If I'm missing something let me know, so I can stop wasting my time.

(I don't even know what CSF is, and do not want to learn right now)

asfimport commented 14 years ago

Ryan McKinley (@ryantxu) (migrated from JIRA)

Here is a new patch that incorporates most of the ideas we have discussed. I tried addressing the larger issue of the FieldCache mess in #3739, but that is too big to tackle in one go. After getting something to almost work for #3739, I then just took the EntryCreator stuff and am adding that to 'LUCENE-2649'

As such, some of the choices about how EntryCreator works are based on future plans, and my feel akward today. Speciffically:

  1. In the future, a Cache on the IndexReader should not necessarily be tied to a field name. To do this, the field name parameter should be part of the EntryCreator. In this first pass, we will need to pass the field name twice:
IntValues  vals = cache.getInts(reader, "fieldName", new IntValuesCreator( "fieldName", parser, flags ) )

I think the tradeoff is OK, and makes fewer changes in the future.

  1. In the future, the EntryCreator.getCacheKey() should be the only key stored.

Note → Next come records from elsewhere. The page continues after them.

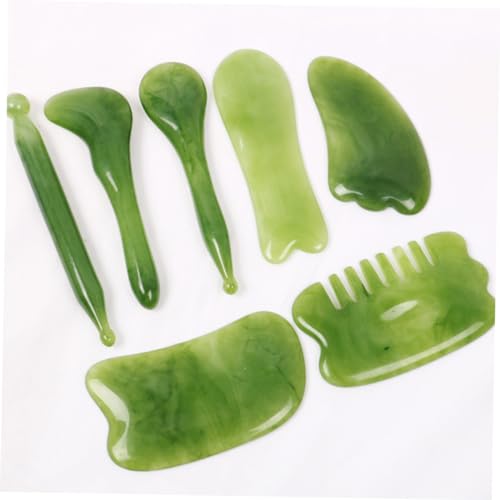 Hemoton 1 Conjunto De 10 Peças Placa De Massagem Gua Sha Bastão De Acupressão Massageador Facial Jad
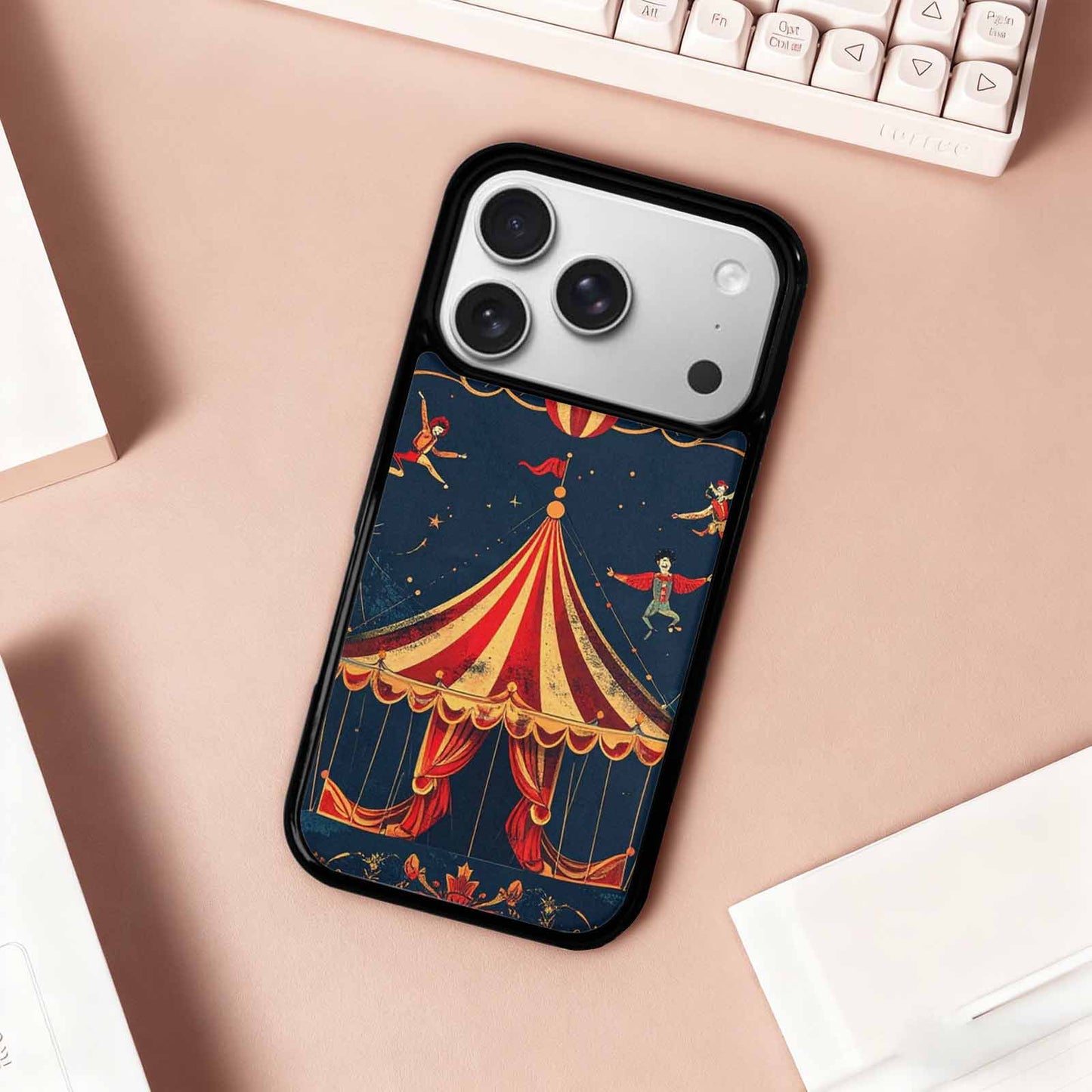 iPhone 17 Pro Case — Vintage Circus Art Pattern Retro Vintage, Custom Designed Case Cover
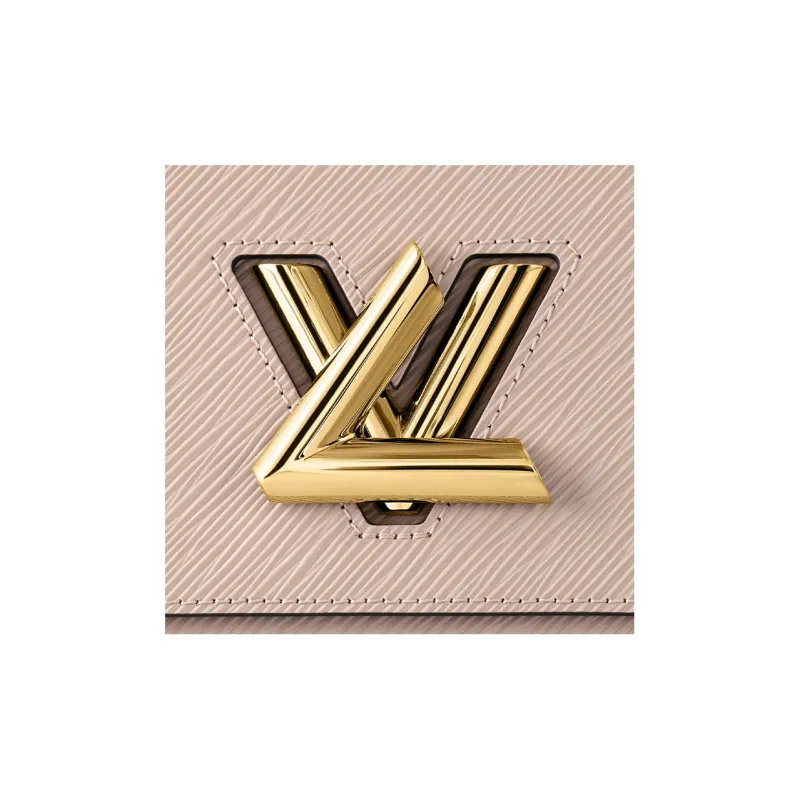 LOUIS VUITTON Twist Grained Calfskin Shoulder Bag Crossbody Bag Medium Size Women's Elephant Gray-5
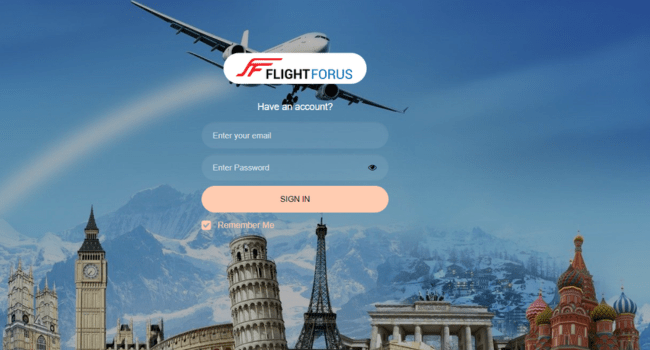 FlightForUs responsive website design displayed on desktop and mobile devices showing flight booking interface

To fall within the existing structure, the entire EntryCreator is stored on the 'custom' field on the internal cache, but the equals and hashCode values are bubbled up. This makes more sense for #3739. For now we need to be careful that the EntryCreator classes are reasonable things to store as Keys (it includes the Parser, etc)

I added a bunch of tests to exercise how sequential calls with different options behave.

I think this patch is ready to commit to /trunk – when it is in, I'll make a patch for #3739.

Since /trunk is now a bit more experimental, and I feel pretty good about the feedback this has had I will probably jump the gun and commit soon

asfimport commented 14 years ago

Michael McCandless (@mikemccand) (migrated from JIRA)

Apologies for 'CTR' rather then 'RTC' -- we can always revert if I jumped the gun!

Better to ask forgiveness than permission :)

In fact I'm +1 on switching Lucene's trunk to CTR model instead, now that we have 3.x as the stable branch. We have enough "policemen" around here that I think this'd work well.

The changes look great Ryan – nice work!

Some smallish feedback:

I think we should hold off on backport to 3.x until we stabilize

3739?

It looks like you've also fixed #3601 with this? Ie the fasterButMoreRAM=true|false now cache to the same key? It's just that perhaps we should "upgrade" the entry, if it was first created w/ false and then the current call passes true?

asfimport commented 14 years ago

Michael McCandless (@mikemccand) (migrated from JIRA)

I think we have a synchronization issue on the call to validate? Ie, more than 1 thread can enter validate, and eg compute the valid bits (if they weren't computed on the first create())?

asfimport commented 14 years ago

Yonik Seeley (@yonik) (migrated from JIRA)

It's just that perhaps we should "upgrade" the entry, if it was first created w/false and then the current call passes true?

We just need to watch the thread safety of stuff like this. For Bits, it should be trivial... if you didn't ask for bits, you shouldn't be looking at it. fasterButMoreRAM is different... upgrading an existing entry could be tricky.